About the middle of August Moïse came again. He was much excited, for he had just been to the War Office, and learned some news through a friend there.

“There has been a big escape from Yozgad,” he told me; “twenty-six officers have run away. Only a few have been caught so far.”

The Kastamouni Incorrigibles!—I thought to myself. I could have shouted with joy.

“I’ve seen the telegrams,” Moïse went on, “and neither Kiazim nor the War Office can make out how they got away. But I know. The Spook did it! This must be the Spook’s attempt to get Kiazim punished, but I fear it cannot succeed.”

“Why not?” I asked.

“Because the Commandant has much influence at Headquarters, and it will all be hushed up.”

The Pimple did not come back again until well on in September—he could not get away from his training school. In the interval Hill came back from Gumush Suyu and we carried on as usual.
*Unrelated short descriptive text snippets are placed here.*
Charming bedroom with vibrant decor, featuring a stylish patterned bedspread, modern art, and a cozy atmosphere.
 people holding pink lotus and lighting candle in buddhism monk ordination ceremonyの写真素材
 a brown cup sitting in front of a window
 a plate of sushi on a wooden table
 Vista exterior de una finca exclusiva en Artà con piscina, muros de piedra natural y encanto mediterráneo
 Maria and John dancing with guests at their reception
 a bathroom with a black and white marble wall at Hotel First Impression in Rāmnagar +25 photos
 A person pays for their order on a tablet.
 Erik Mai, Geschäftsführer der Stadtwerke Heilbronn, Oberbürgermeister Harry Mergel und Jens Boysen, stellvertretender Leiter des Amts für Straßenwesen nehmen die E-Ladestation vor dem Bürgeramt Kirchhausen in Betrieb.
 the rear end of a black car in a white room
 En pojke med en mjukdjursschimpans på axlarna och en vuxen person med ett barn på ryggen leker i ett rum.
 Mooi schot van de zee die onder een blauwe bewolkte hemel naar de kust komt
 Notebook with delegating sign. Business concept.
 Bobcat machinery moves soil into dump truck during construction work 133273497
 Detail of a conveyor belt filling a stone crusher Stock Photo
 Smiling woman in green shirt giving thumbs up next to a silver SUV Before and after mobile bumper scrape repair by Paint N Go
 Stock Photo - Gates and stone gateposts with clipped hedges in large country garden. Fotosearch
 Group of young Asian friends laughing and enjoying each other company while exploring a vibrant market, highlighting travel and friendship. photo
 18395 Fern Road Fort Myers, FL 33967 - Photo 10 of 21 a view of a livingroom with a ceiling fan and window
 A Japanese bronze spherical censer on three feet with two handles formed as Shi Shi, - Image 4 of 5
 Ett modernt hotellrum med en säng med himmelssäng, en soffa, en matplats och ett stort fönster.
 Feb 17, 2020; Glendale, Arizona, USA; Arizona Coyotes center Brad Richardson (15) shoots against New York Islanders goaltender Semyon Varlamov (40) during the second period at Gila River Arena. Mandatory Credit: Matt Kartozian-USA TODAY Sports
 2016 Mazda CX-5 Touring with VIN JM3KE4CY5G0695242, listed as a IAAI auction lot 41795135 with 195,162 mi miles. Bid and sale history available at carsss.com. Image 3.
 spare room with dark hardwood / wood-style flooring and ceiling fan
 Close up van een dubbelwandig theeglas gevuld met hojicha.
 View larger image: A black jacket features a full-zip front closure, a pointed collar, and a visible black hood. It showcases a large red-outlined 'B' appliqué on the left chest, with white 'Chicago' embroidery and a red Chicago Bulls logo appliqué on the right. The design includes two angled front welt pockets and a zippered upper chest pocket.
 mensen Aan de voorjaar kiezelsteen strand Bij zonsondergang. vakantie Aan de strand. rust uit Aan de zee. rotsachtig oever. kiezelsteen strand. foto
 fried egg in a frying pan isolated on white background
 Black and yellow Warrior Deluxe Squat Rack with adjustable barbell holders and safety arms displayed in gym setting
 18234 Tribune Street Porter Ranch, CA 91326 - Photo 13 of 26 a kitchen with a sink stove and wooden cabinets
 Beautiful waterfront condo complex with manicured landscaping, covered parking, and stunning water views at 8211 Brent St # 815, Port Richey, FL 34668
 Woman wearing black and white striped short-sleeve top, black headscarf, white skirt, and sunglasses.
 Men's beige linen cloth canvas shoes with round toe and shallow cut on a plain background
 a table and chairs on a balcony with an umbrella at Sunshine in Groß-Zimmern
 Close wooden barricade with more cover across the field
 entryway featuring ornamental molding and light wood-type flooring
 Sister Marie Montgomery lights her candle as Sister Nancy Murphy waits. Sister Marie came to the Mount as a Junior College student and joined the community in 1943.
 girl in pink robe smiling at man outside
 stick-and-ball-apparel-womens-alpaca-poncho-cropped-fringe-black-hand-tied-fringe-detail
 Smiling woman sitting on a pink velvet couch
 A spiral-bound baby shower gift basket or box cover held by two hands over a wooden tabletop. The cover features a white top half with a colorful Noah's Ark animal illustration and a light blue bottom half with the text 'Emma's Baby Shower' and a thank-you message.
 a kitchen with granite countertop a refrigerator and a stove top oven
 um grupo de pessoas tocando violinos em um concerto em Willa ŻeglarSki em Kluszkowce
Suddenly, for no reason at all as far as we could see, the whole atmosphere of the hospital seemed to change towards us. Turkish officers among the patients, who had always been friendly, suddenly began to cold-shoulder me. The attendants seemed to be watching us with added care. I was forbidden to go into the garden at all, whether with or without an attendant, and as I had not been detected in an escape[[76]] for some time previously I could not understand it. A Turkish patient in a ward upstairs hung about me for three or four days, pretending to be very friendly towards me, but obviously putting me through my paces. He said he was an Armenian, and informed me I “was very clever but would have to be careful.” I replied, like a good G.P., that I “was the cleverest man in the world.” That evening, by sheer good luck, I saw this man leaving the hospital for a stroll. He was dressed in the uniform of a Turkish doctor! Next day he was back in hospital, dressed as a patient. “Keep it up,” he said to me, “always keep it up.” (He should have followed his own advice, I thought to myself, and not gone for that stroll.) “I want to see you get away and I think you’ll do it. Flatter them—bribe them, if you have the money.”

I stared at him in astonishment, as if I did not understand.